§ Activity:
Once the pictures are removed, restate the listing word for word.

§ Dataset section:

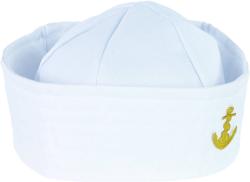 KARNEVAL Čepice námořní bílá s odznakem (karnevalový doplněk)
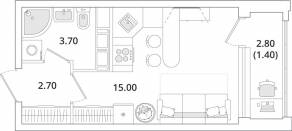 ЖК «Тайм Сквер», планировка студии, 22.70 м²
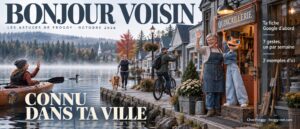 Faire connaître son entreprise localement : une propriétaire de quincaillerie et Mini Froggy saluent les voisins au bord d’un lac des Laurentides, une Bonjour voisin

§ Written response:
 KARNEVAL Čepice námořní bílá s odznakem (karnevalový doplněk)
 ЖК «Тайм Сквер», планировка студии, 22.70 м²
 Faire connaître son entreprise localement : une propriétaire de quincaillerie et Mini Froggy saluent les voisins au bord d’un lac des Laurentides, une Bonjour voisin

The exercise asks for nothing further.